Thinking about Chernobyl. . .
I wish I could write a more optimistic post, but I just finished watching this documentary on the Chernobyl nuclear disaster by director Thomas Johnson and distributed by Icarus Films. I find it strange that I could find so little information about the director (note the lack on IMDB) and no information about its funding, so I have no idea with what agenda this film was made. It does, however, paint a very grim picture of nuclear energy and the damage to (psychological and physical) health withholding information from politicians and from the general population can do.
How is Fukushima different from Chernobyl?

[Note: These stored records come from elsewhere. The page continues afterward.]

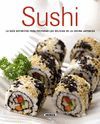 SUSHI:GUIA DEFINITICA PREPARAR DELICIAS JAPONESAS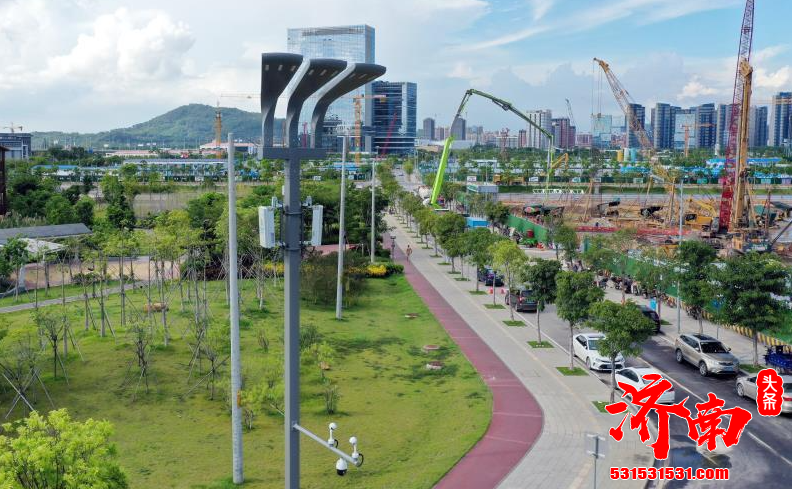 济南市城管局安排1600万元资金 对城区51条有路无灯道路进行补建 都以全部完成 济南市城管局安排1600万元资金 对城区51条有路无灯道路进行补建 都以全部完成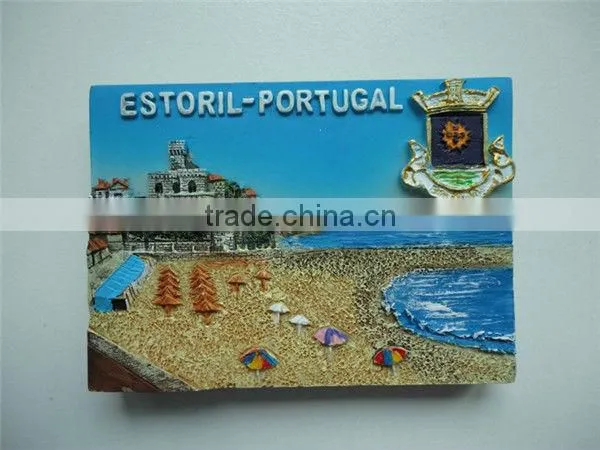 Handmade Spain Souvneir Magnets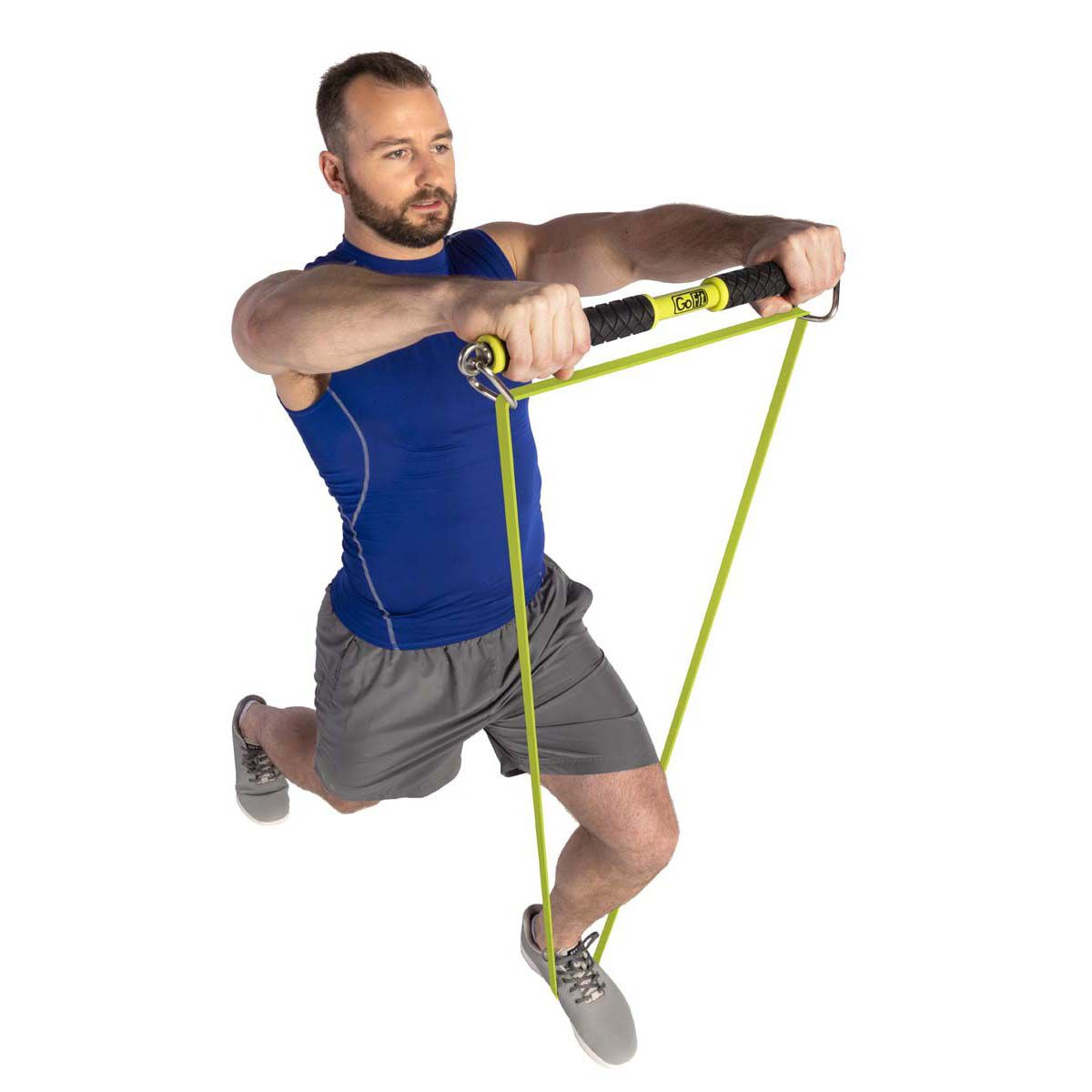 Go Fit Super Band Gym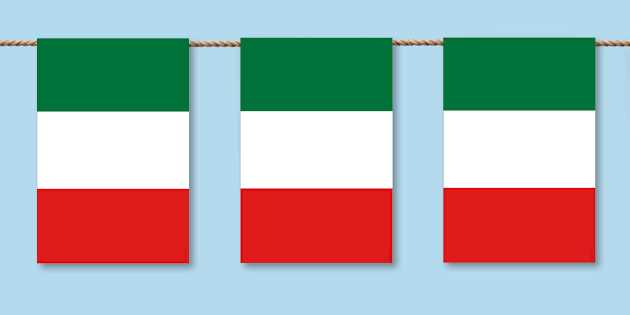 italy flag printable italy flag printable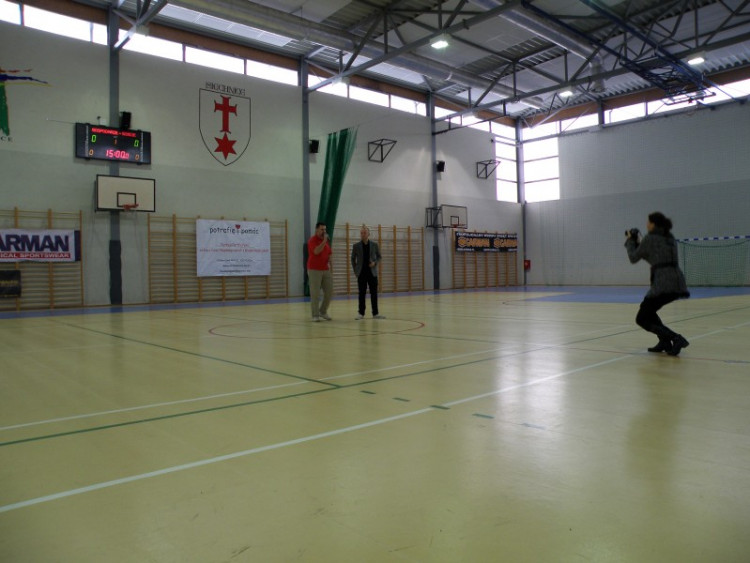 WOŚP 2013 na sportowo – zdjęcia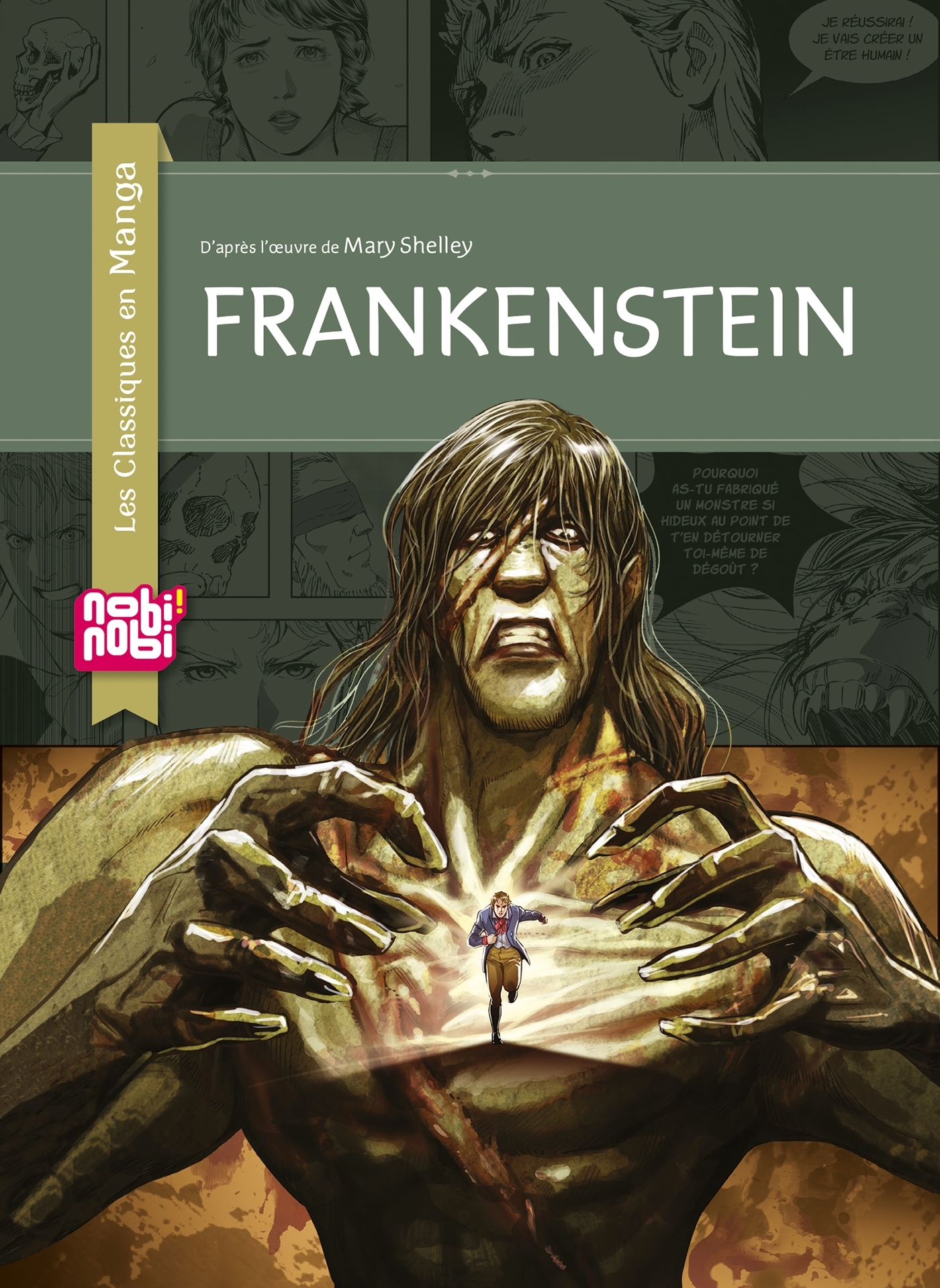 FRANKENSTEIN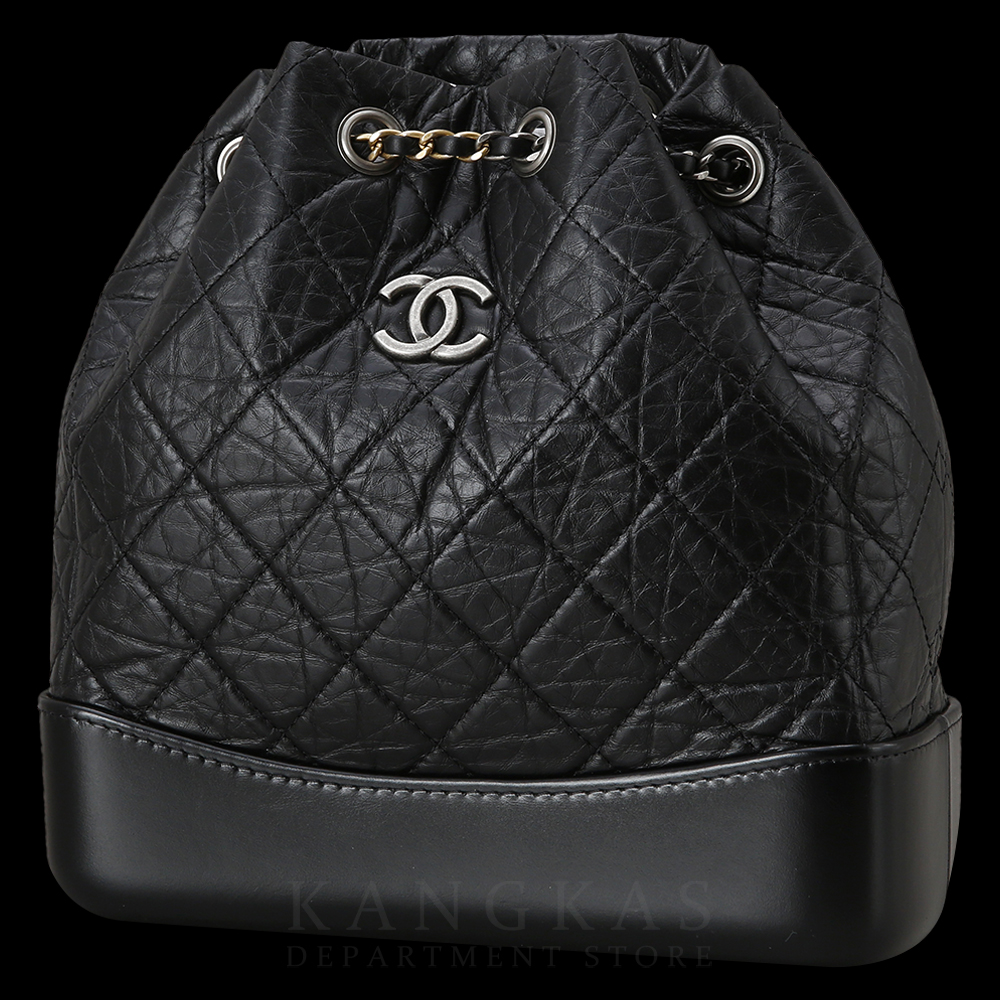 CHANEL(USED)샤넬 가브리엘 백팩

The ways I can think of are that 1) according to reports, there was no explosion at the core of the plant in Fukushima (considering radiation levels, it is unlikely to have happened), and 2) there are many independent sources measuring radiation levels in various locations in Japan (although there are holes) and not a single military effort as seems to have been the case in Chernobyl. With so many sources, it would be impossible to cover up any major accidents.
However, like in Chernobyl there are many young men sacrificing their health to work at the Fukushima reactor. What’s more, a “culture of complicity” does exist in Japan between politics, bureaucracy, and industry as reported by the NYT.
Given, science with its hypotheses, theories, and postulations is also an imprecise evaluation of the world and some things cannot be answered. However, what will we learn about the situation in Fukushima in the years to come or maybe not at all, because the danger cannot be verified even by specialists?
The film is 1 hour 33 minutes long, so watch it when you have the time (and the mental and emotional strength).